§ DATA EXTRACTS
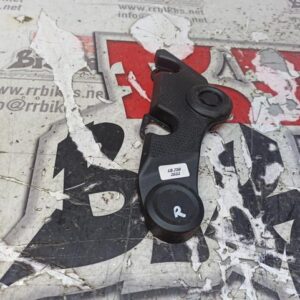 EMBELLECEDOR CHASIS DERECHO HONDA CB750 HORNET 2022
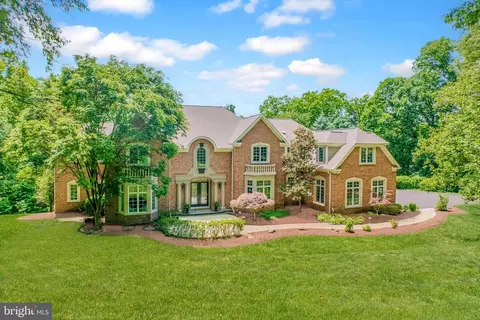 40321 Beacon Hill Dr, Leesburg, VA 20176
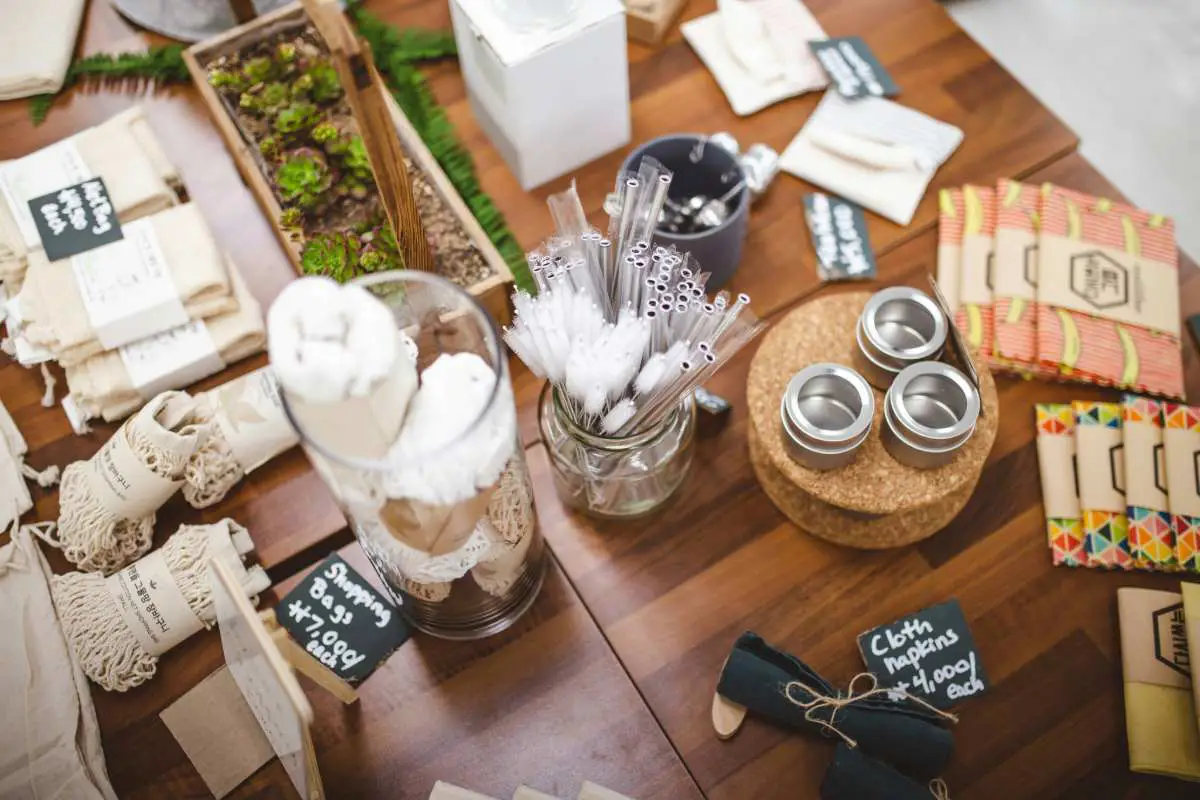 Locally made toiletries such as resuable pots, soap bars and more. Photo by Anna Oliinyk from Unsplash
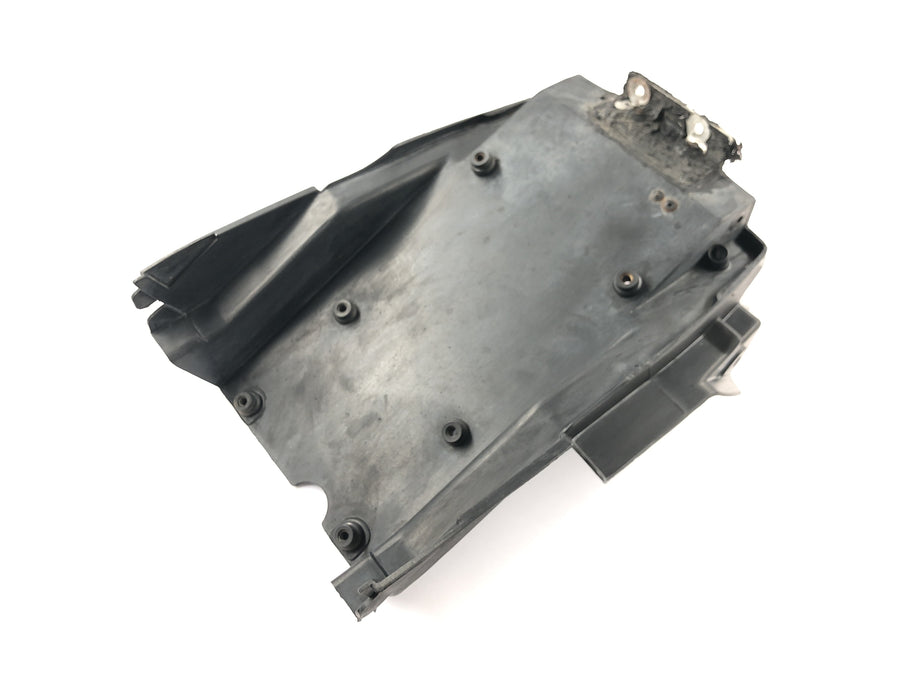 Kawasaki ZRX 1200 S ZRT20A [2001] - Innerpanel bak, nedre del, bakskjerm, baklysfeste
...
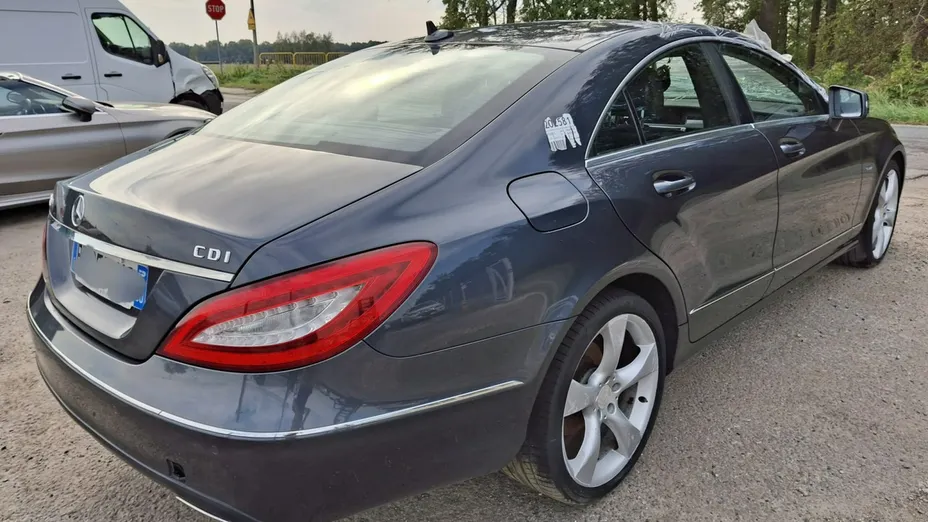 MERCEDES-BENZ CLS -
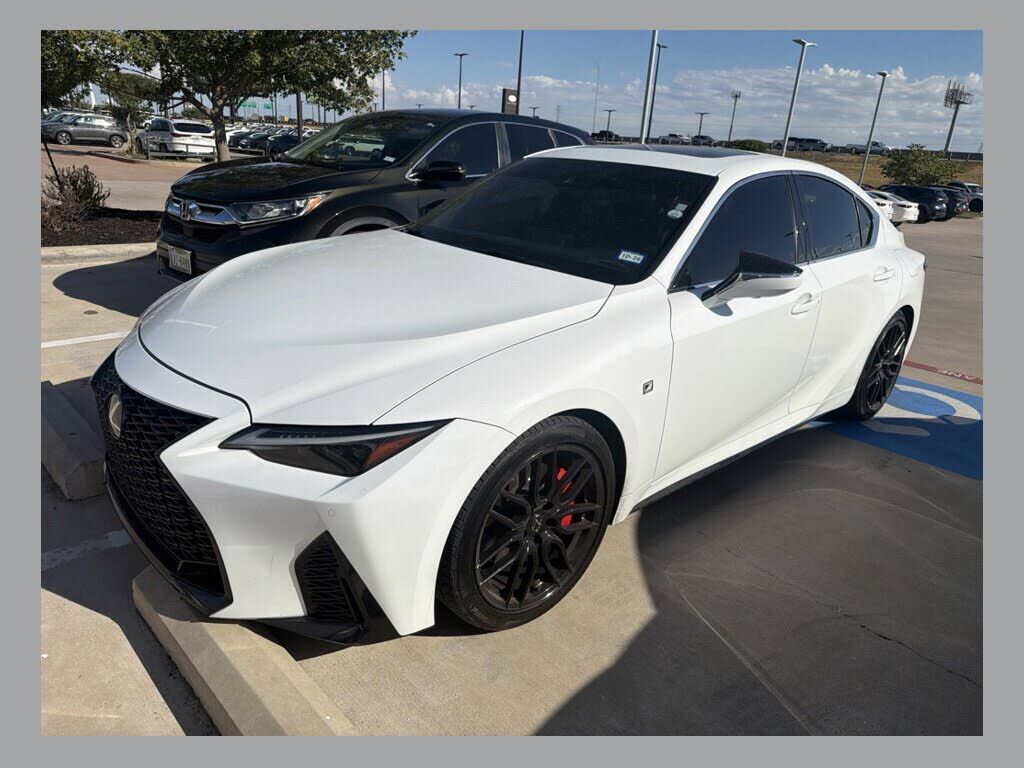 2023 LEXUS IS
--
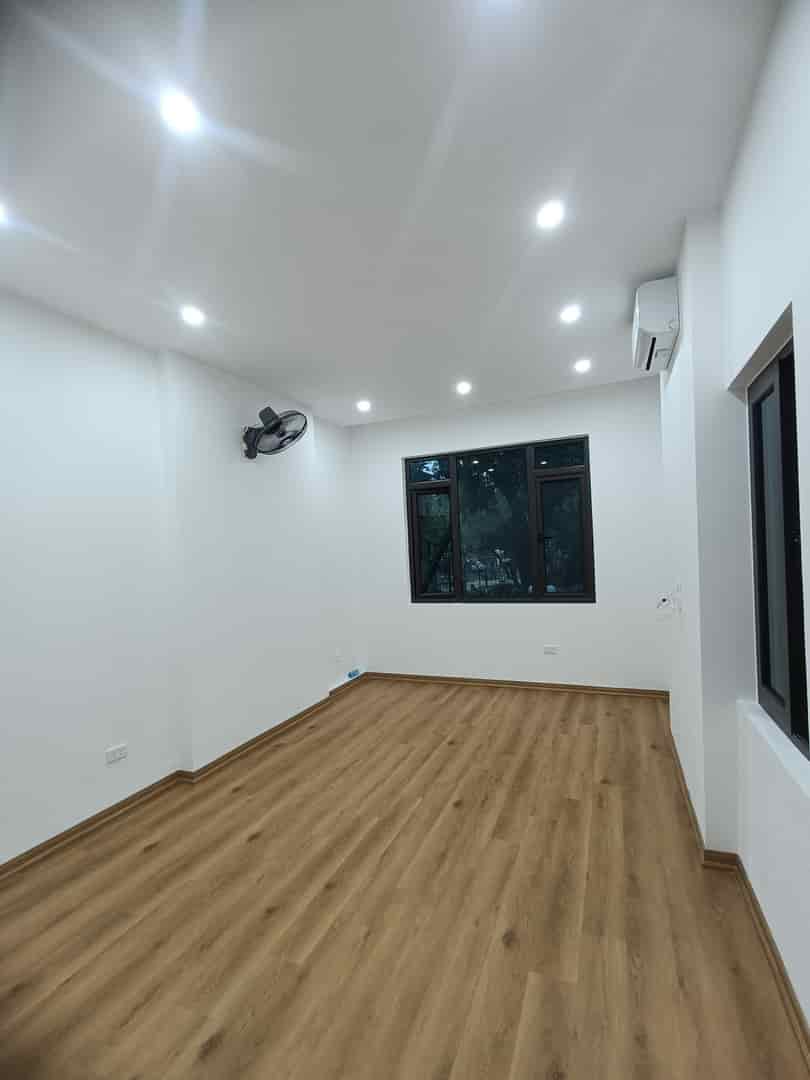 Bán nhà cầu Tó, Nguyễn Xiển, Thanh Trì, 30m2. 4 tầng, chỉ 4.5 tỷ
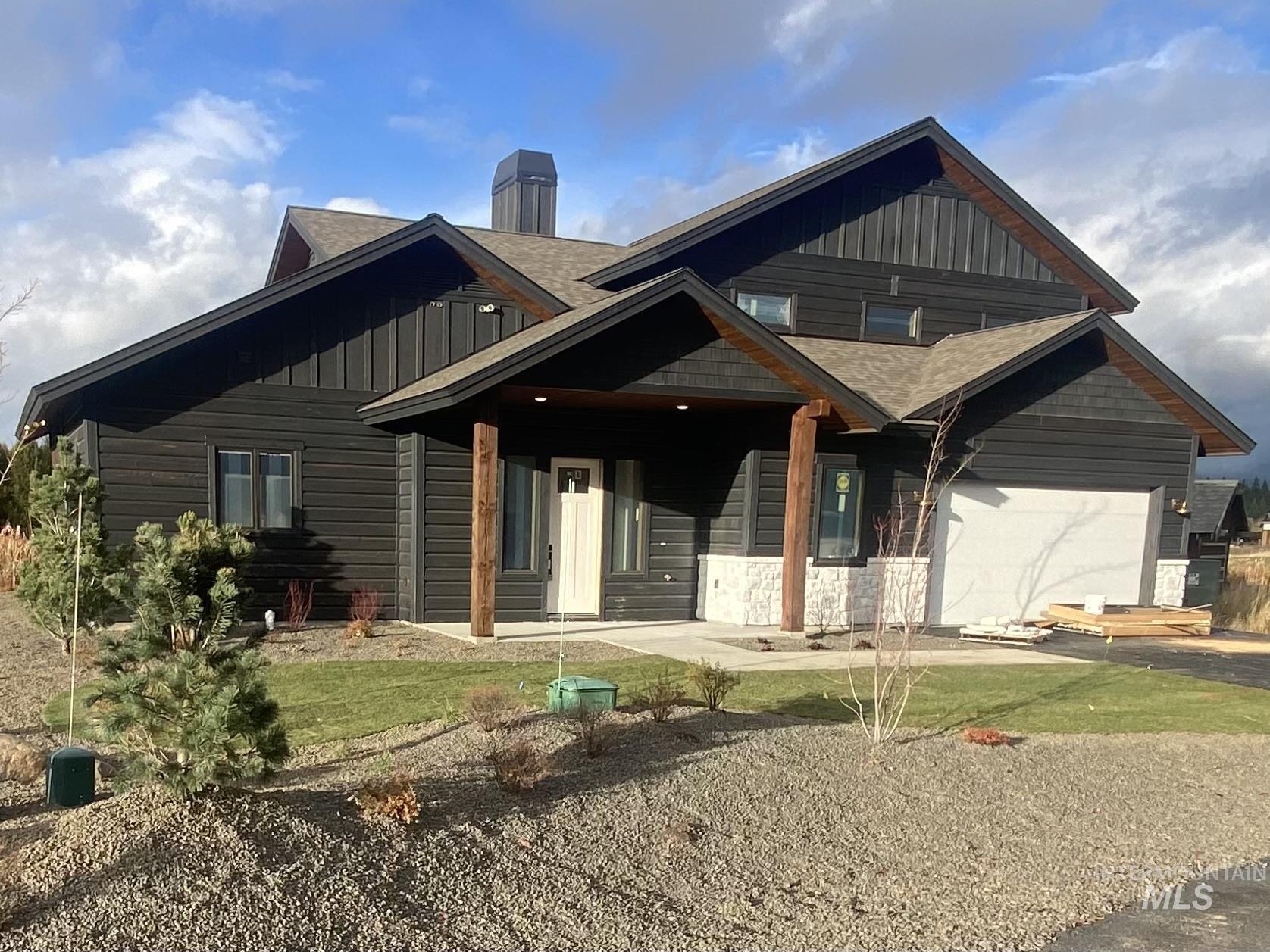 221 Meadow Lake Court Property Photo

§ DESCRIPTION OF THE TASK
Your reply should hold nothing but the lines above, from the one containing "EMBELLECEDOR CHASIS DERECHO" to the one containing "Kawasaki ZRX 1200", reproduced exactly minus the pictures.

§ PROBLEM SOLUTION
 EMBELLECEDOR CHASIS DERECHO HONDA CB750 HORNET 2022
 40321 Beacon Hill Dr, Leesburg, VA 20176
 Locally made toiletries such as resuable pots, soap bars and more. Photo by Anna Oliinyk from Unsplash
 Kawasaki ZRX 1200 S ZRT20A [2001] - Innerpanel bak, nedre del, bakskjerm, baklysfeste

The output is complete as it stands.